WHAT THE EXERCISE ASKS:
In the entries below, find the line with "pic of fitness" and the line with "A serene sky". Repeat exactly everything between them, those two lines included, but not the pictures.

PROVIDED INFORMATION:
§ §
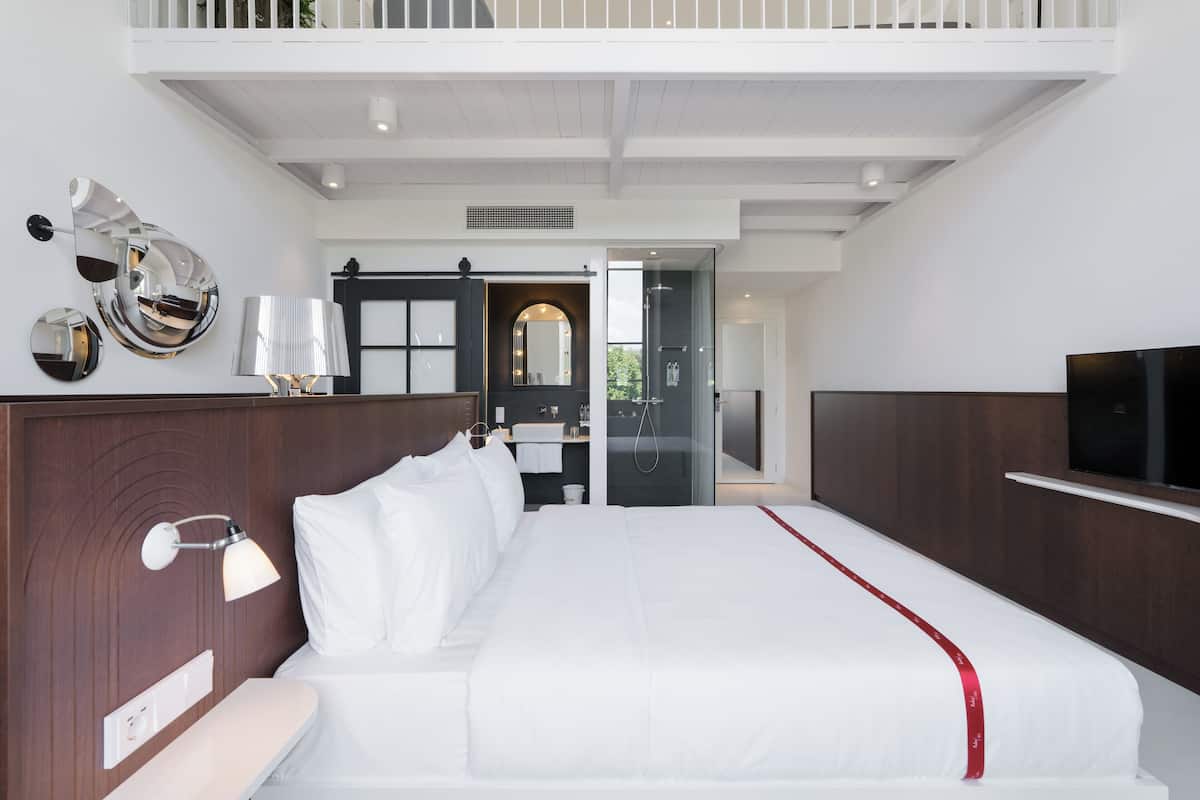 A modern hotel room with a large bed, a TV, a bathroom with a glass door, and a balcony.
§ §
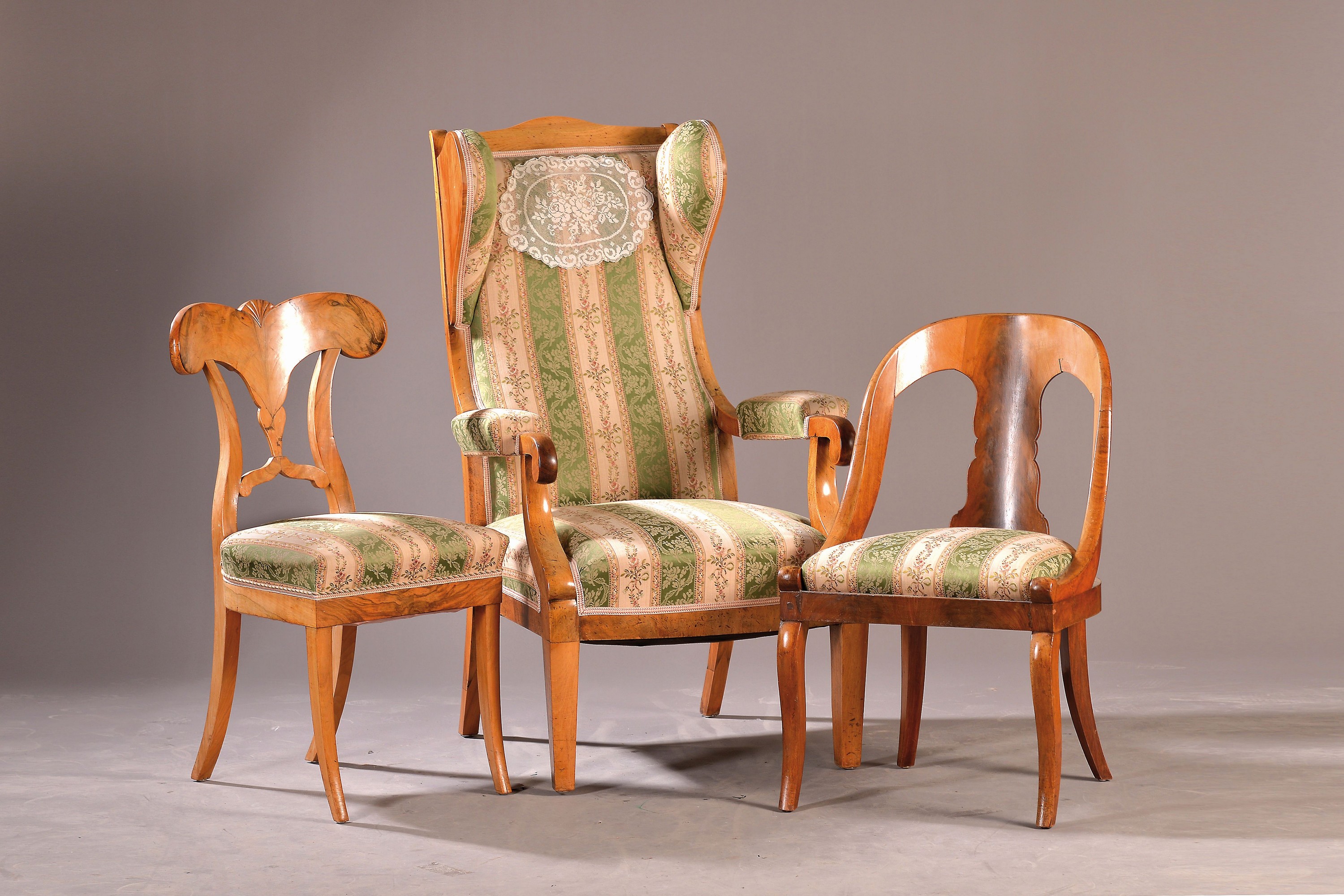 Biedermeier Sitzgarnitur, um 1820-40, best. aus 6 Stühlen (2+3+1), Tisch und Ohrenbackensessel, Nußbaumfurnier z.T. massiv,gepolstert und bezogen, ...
§ §
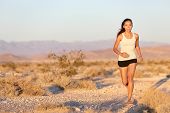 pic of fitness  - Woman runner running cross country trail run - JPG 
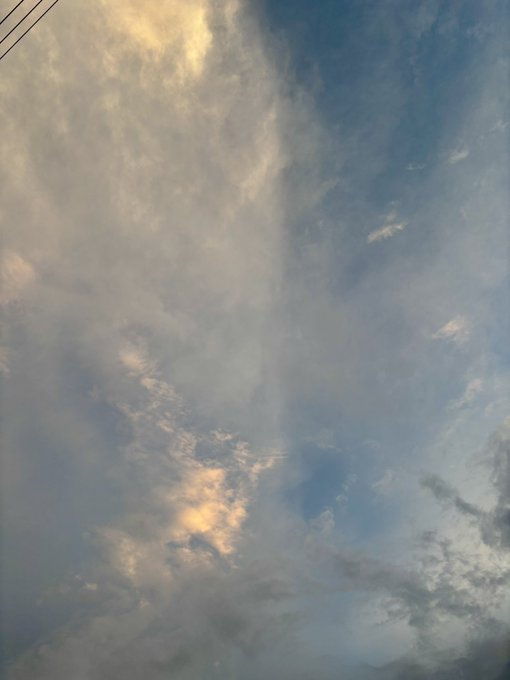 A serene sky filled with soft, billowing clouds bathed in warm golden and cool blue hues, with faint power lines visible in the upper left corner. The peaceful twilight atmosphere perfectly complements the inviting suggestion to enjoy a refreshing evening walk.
§ §
WRITTEN SOLUTION:
 pic of fitness  - Woman runner running cross country trail run - JPG 
 A serene sky filled with soft, billowing clouds bathed in warm golden and cool blue hues, with faint power lines visible in the upper left corner. The peaceful twilight atmosphere perfectly complements the inviting suggestion to enjoy a refreshing evening walk.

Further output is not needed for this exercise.